We have seen that all these great advances in medicine and surgery have been made as the result of experiments on living mammals, and you will agree, I believe, that in all probability further advances in these fields must be brought about by the same means. This is the opinion of practically all eminent physicians and surgeons and veterinarians, and of all the great scientists and educators in other fields—in short, it is the opinion of all persons who have vast responsibilities for the health of men and of animals. The only persons who are opposed to these reasonable experiments are the antivivisectionists, who have no such responsibilities. Would any sane person think of going to the antivivisectionists for help if there were an epidemic of smallpox or diphtheria, or if there were an outbreak of hog cholera or of blackleg in cattle? We don’t go to them because they know nothing about such matters. Yet they boldly contradict all competent authorities and tell us that experiments on animals are useless, that they have never accomplished anything. The antivivisection societies are composed largely of well disposed but woefully misinformed persons. And those who are responsible for the misinformation are the leaders of the antivivisectionists.

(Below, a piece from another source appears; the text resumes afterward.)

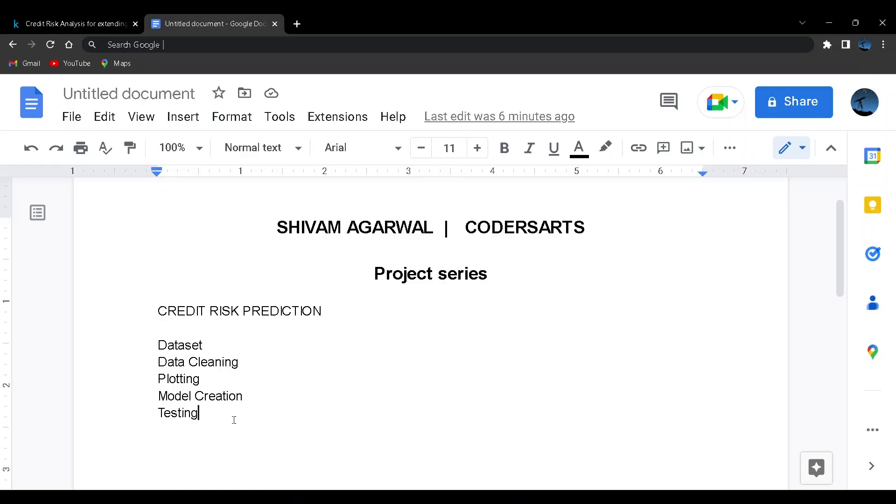Hello everyone, welcome to the project series of Machine Learning with Python. My name is Shivam Agrawal and in this series we'll be creating a lot of projects related to Machine Learning, Deep Learning and we'll be exploring the basic concepts of the usage of those two with the projects itself.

I have been studying these leaders for some years, and I may say, without any danger of my statements being disproved, that among them may be found many of the most dangerous[14] of the criminal insane to be found in this country today—and I have recently visited some of our largest penitentiaries and asylums. I have found some of these leaders of the antivivisection movement to be guilty of falsehood, slander, libel, perjury, forgery, and attempted bribery. Under false pretenses they obtain money from weakminded and unthinking people and, with this money, they wilfully and perennially attempt not only to prevent the advance of medicine and surgery, but also to break down the bulwarks of preventive medicine by teaching contempt of vaccination and of the use of antitoxins.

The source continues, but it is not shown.